======== SUPPLIED DATA
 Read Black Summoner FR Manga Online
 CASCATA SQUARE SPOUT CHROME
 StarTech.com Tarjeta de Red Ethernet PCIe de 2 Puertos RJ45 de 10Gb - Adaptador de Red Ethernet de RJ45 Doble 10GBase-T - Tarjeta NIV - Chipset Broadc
================
*WHAT NEEDS TO BE DONE*.
So that nothing is lost, restate all the material word for word.

*EXERCISE OUTPUT*.
 Read Black Summoner FR Manga Online
 CASCATA SQUARE SPOUT CHROME
 StarTech.com Tarjeta de Red Ethernet PCIe de 2 Puertos RJ45 de 10Gb - Adaptador de Red Ethernet de RJ45 Doble 10GBase-T - Tarjeta NIV - Chipset Broadc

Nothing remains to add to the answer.